Aumentano rispetto al passato gli occupati nell’ambito del settore dell’istruzione non universitaria che passano dal 12,4% (dati del 2004) al 17% (dati del 2012). Confrontando i dati di quest’anno con quelli dell’edizione precedente dell’indagine condotta nel 2014 (relativa alle coorti di dottori di ricerca del 2008 e 2010), il tasso di occupazione a sei anni è sostanzialmente stabile invece è migliore di 2,3 punti percentuali quello a quattro anni. A distanza di sei anni dal titolo il 24,1% dei dottori occupati è impiegato nel settore dell’istruzione universitaria.

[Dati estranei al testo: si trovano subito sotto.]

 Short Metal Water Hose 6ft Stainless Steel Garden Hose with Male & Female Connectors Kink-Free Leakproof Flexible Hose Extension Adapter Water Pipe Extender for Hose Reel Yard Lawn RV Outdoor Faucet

Di questi, il 51,1% con un lavoro dipendente mentre il 36,6% è finanziato da assegni di ricerca.
Sebbene sia in calo la soddisfazione che ne deriva, il dottorato è giudicato utile da più del 79% degli occupati per accedere al lavoro dopo il conseguimento del titolo. Tra coloro che sono occupati solo il 15,2% ha migliorato la propria posizione.